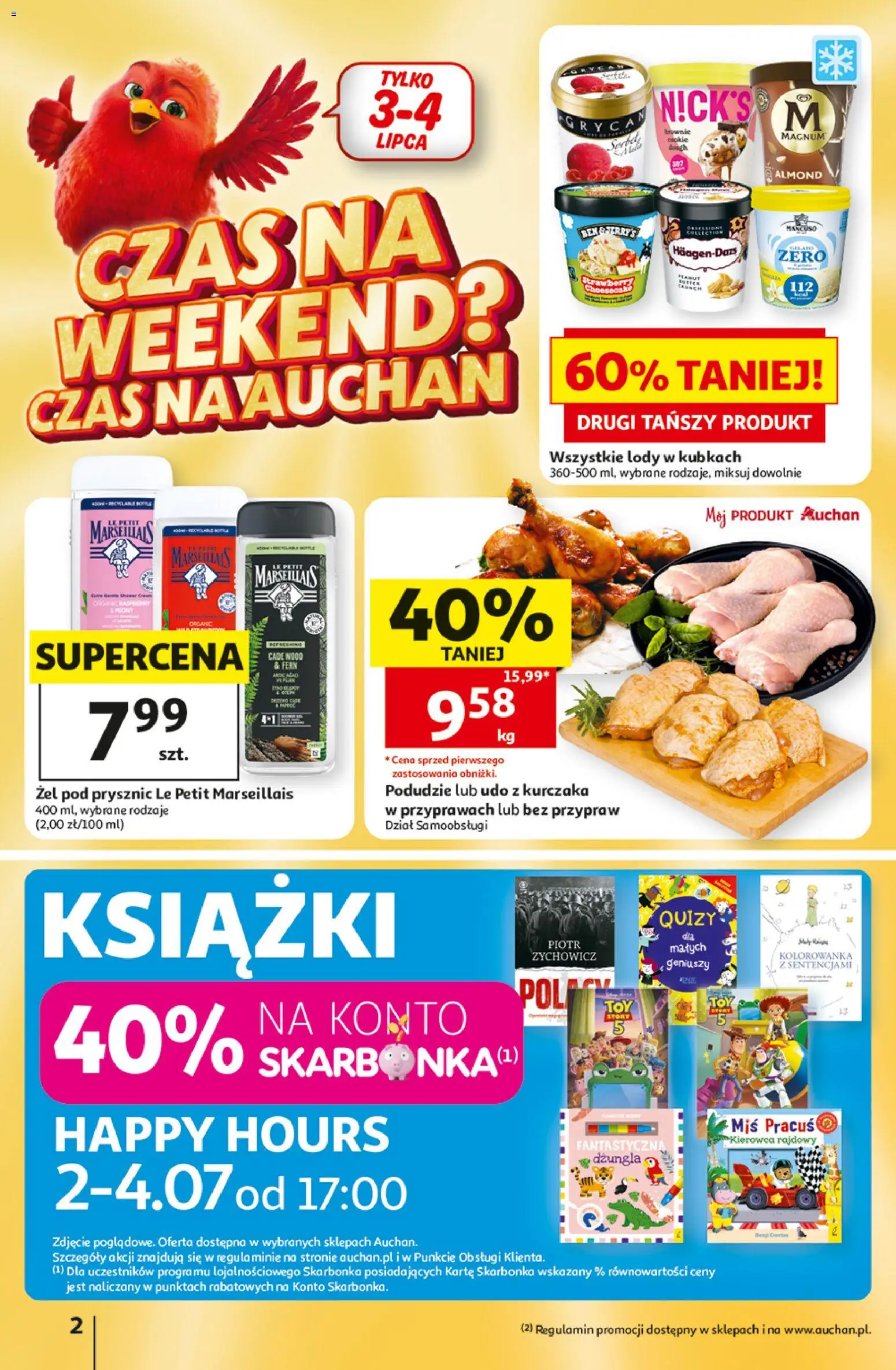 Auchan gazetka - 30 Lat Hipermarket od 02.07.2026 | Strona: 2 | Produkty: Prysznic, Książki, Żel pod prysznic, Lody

--

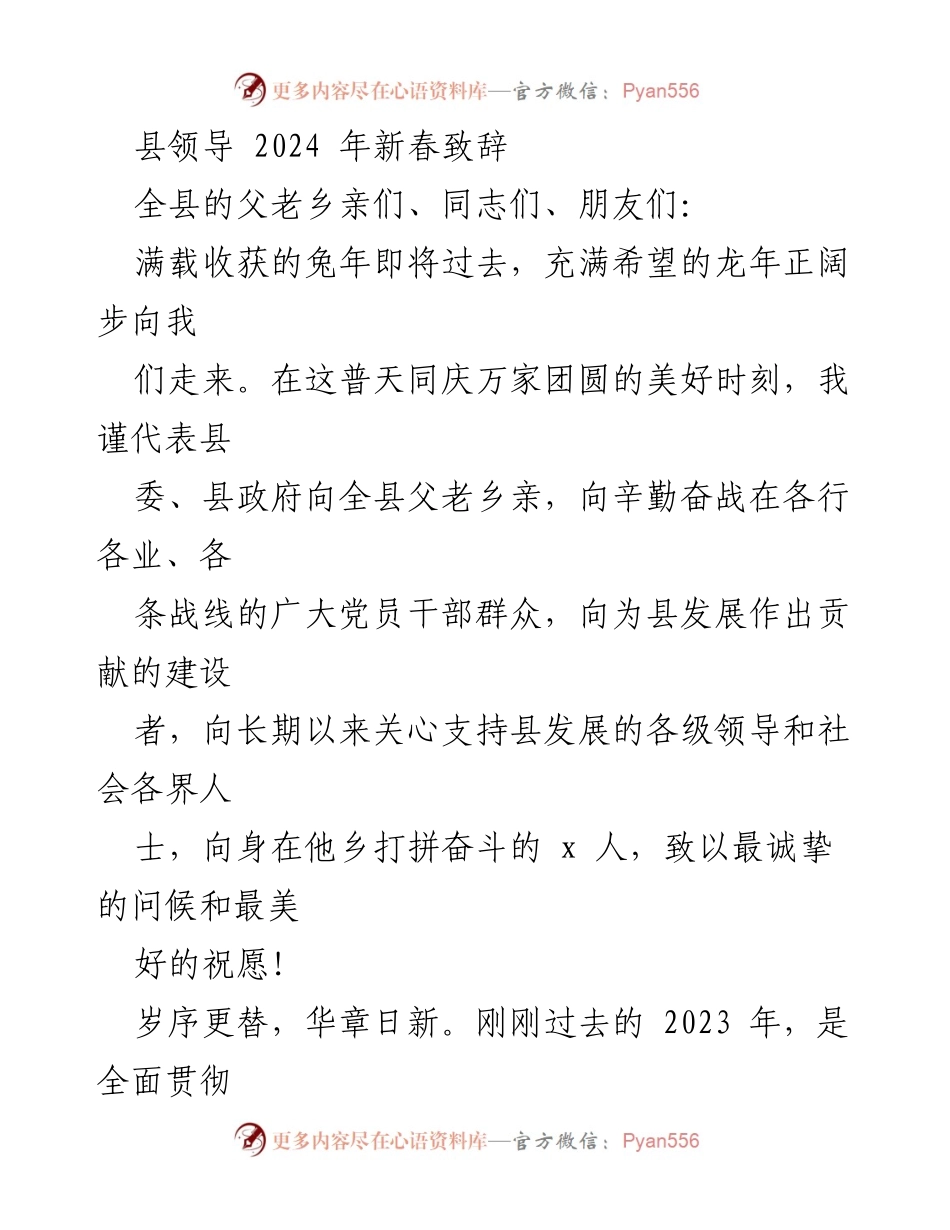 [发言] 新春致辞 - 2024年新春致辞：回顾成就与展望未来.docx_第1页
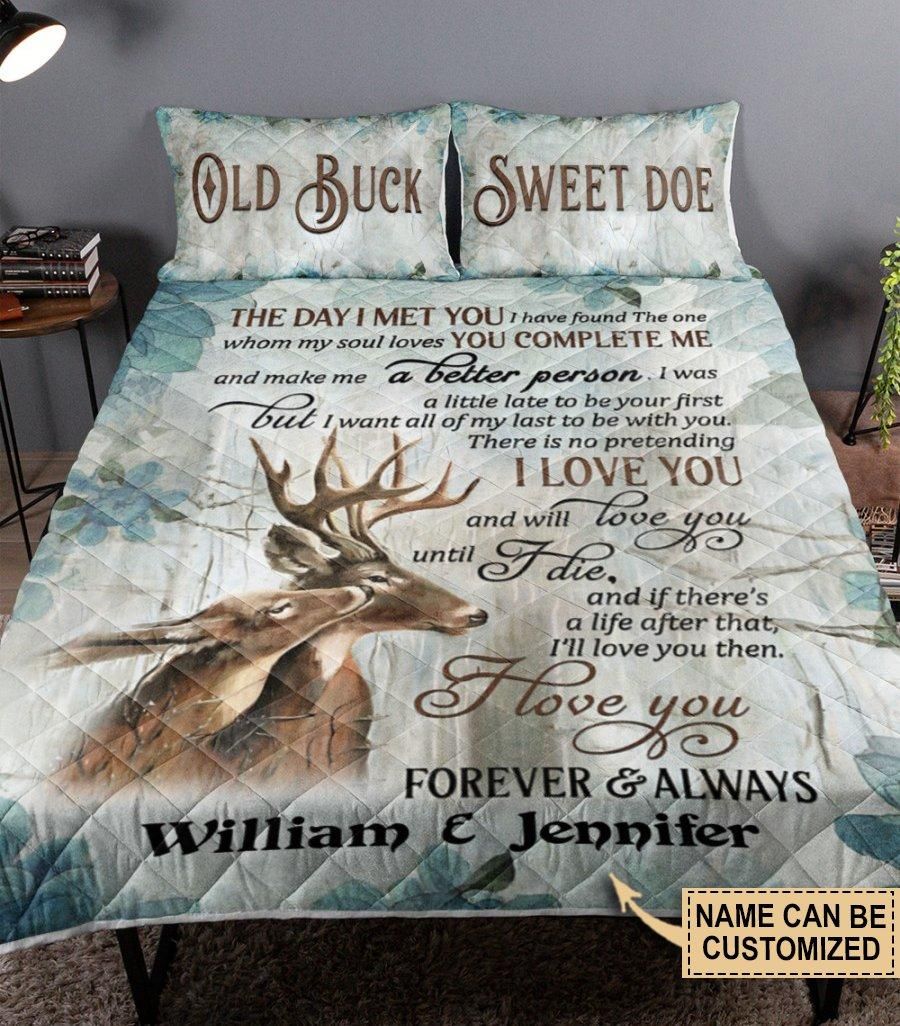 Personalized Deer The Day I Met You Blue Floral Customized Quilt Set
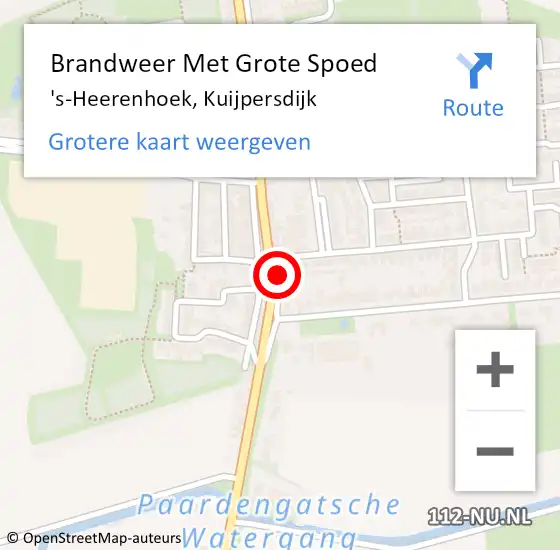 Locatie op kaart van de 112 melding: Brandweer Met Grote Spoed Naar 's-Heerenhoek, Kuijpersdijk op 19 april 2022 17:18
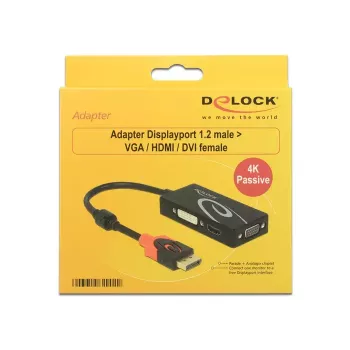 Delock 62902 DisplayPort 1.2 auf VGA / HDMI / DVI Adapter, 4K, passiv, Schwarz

...

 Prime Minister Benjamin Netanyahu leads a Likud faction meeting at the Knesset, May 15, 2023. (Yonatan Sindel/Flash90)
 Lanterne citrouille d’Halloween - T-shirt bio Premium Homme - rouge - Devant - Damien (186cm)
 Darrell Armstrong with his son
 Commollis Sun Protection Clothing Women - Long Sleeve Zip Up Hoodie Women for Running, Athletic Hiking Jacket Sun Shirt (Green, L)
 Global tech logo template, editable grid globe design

▶ [WORK ORDER]:
Beginning with the line above that has "Personalized Deer The" and going on through the line that has "Delock 62902 DisplayPort", retype every line exactly and add nothing else; drop the pictures.

▶ [TASK SOLUTION]:
 Personalized Deer The Day I Met You Blue Floral Customized Quilt Set
 Locatie op kaart van de 112 melding: Brandweer Met Grote Spoed Naar 's-Heerenhoek, Kuijpersdijk op 19 april 2022 17:18
 Delock 62902 DisplayPort 1.2 auf VGA / HDMI / DVI Adapter, 4K, passiv, Schwarz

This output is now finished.